Among the court-ordered conditions of his unsupervised probation is that he not violate another federal, state or local crime and also remain in compliance with any and all other court orders.
The sentence was handed down in U.S. District Court in Lander — almost three years to the day of the wildfire that Nyberg now admits to starting.
Court documents shed light on the case against Nyberg, which arose on July 9, 2018 when BLM Supervisor Brad Jones was called away from the Terek Fire to respond to a report of a new fire near McDermott Butte and Highway 31 in Manderson.
Jones was attempting to gain access to the fire when he was advised that another fire had started off Highway 31. Both were believed, and later confirmed, to be human caused. When Jones arrived at 920 Highway 31, he found Nyberg and Sierra Brown with a water hose standing east of a barn and house.

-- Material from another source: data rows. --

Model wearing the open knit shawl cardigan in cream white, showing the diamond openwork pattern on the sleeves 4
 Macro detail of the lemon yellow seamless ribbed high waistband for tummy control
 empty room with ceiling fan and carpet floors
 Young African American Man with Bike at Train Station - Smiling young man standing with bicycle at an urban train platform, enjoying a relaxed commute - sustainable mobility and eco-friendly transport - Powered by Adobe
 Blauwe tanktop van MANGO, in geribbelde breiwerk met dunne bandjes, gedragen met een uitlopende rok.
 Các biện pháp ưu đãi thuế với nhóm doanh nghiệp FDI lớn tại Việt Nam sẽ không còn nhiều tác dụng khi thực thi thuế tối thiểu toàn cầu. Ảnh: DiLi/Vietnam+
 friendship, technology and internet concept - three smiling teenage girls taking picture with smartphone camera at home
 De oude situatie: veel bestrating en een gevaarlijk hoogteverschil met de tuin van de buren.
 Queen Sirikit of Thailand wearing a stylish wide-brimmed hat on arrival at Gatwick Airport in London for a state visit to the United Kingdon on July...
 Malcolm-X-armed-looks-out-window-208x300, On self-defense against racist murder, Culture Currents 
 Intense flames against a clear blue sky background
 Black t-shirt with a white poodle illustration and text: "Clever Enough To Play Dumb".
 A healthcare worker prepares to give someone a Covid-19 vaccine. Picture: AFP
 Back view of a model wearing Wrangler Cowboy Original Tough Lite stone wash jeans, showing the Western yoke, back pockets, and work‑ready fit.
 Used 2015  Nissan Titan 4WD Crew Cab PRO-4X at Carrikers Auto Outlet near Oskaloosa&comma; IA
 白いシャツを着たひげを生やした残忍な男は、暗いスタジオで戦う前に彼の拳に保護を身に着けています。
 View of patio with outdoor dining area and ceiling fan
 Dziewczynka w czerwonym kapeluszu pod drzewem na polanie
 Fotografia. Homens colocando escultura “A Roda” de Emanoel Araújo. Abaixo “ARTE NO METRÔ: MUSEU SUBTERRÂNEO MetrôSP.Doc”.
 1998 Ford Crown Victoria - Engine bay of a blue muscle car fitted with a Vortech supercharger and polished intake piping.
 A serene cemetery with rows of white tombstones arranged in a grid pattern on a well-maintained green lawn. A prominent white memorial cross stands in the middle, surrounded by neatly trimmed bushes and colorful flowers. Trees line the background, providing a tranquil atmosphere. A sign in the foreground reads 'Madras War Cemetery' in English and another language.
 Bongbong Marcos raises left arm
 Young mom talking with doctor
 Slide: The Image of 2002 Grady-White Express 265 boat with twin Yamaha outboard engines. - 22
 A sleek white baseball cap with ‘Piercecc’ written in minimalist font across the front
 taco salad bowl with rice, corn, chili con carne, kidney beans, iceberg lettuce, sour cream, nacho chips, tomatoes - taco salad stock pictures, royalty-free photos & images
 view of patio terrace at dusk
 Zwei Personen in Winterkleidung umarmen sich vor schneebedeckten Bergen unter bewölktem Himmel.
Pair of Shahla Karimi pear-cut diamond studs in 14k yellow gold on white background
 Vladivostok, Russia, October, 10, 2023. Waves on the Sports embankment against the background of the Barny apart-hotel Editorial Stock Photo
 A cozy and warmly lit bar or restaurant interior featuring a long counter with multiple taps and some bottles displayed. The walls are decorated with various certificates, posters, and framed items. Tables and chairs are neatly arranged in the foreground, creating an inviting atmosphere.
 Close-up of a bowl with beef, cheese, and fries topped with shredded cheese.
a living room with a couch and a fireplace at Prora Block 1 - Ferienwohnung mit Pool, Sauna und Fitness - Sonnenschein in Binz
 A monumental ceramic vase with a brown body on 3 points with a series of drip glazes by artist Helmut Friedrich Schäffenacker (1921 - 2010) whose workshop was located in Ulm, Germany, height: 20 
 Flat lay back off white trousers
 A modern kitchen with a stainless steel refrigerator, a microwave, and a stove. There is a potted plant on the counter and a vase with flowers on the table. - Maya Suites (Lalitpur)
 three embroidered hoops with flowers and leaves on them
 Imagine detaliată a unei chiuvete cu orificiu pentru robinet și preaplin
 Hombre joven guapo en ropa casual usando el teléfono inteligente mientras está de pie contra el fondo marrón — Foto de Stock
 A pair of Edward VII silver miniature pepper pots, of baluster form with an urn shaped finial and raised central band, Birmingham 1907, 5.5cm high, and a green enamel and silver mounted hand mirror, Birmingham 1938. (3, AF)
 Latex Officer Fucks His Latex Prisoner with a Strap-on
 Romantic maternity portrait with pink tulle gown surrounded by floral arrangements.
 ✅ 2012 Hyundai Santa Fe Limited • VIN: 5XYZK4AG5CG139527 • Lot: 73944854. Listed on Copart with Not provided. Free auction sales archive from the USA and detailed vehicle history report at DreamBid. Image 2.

In his interview with the ranger, Nyberg said he hadn’t seen much and that he’d been watching the fire in the distance from his grandparents’ house. He said he didn’t see anyone in the area who could have started the fire, suggesting it must have been a spot fire from the larger Terek Fire. Nyberg denied starting the fires in that initial interview, then again on July 10, 2018 under questioning from Ranger Robert Lind.
On July 18, BLM Fire Investigator Teresa Rigby determined that the McDermott Butte Fire started on and burned approximately 6 acres of BLM-managed lands while the Highway 31 Fire started on private land and burned onto BLM-managed lands. Rigby ruled out accidental and natural causes, suggesting instead that both fires were “hot sets” — meaning they were ignited by an open flame, such as a lighter.
On May 3, 2019, Nyberg was interviewed by BLM investigators at his grandparents’ residence in Manderson. The charging document alleges that in the course of that interview, Nyberg “initially claimed he thought he had accidentally caused the fires with his cigarette or by ‘back burning.’ However, when confronted with the fact that the fire investigation did not corroborate either of those causes, Nyberg admitted to starting the fires with a lighter.”
With the case now behind him, Nyberg continues to maintain that he was simply “backburning” his grandparents’ field that day in 2018 due to concerns about the advancing Tyrek Fire.
“The lesson to be learned is, always call before you burn,” said Nyberg. “I know a lot of people who burn on private land, don’t call it in (to the sheriff’s office) and nobody gets in trouble.
“I should have made the call, though. If I had, I wouldn’t have been in this situation.”